◆ Instructions for the task ◆
Every line below that carries the word "Used" needs to be copied.

◆ Records supplied ◆
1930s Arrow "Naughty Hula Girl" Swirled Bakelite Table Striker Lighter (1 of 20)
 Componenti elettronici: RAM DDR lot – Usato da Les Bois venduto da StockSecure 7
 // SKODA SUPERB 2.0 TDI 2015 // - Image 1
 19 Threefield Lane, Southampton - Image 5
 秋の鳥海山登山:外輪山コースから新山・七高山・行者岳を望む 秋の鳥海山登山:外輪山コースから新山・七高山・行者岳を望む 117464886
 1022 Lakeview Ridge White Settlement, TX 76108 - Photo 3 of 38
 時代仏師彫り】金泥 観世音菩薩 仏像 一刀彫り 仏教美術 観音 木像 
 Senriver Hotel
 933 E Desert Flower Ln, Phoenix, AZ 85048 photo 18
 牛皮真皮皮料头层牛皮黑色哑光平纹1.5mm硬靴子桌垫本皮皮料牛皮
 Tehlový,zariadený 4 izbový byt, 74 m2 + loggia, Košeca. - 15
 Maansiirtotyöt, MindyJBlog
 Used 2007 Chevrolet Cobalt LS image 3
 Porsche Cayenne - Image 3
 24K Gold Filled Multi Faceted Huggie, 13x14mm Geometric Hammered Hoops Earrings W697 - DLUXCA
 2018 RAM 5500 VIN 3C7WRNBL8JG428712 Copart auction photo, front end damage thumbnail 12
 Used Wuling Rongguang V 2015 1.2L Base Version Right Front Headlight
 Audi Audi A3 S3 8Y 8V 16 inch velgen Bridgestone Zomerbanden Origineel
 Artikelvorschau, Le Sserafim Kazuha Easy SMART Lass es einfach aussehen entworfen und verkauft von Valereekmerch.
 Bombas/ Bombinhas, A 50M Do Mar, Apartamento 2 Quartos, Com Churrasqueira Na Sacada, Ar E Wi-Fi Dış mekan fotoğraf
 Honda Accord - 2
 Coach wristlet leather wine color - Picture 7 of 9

◆ Expected answer ◆
 Used 2007 Chevrolet Cobalt LS image 3
 Used Wuling Rongguang V 2015 1.2L Base Version Right Front Headlight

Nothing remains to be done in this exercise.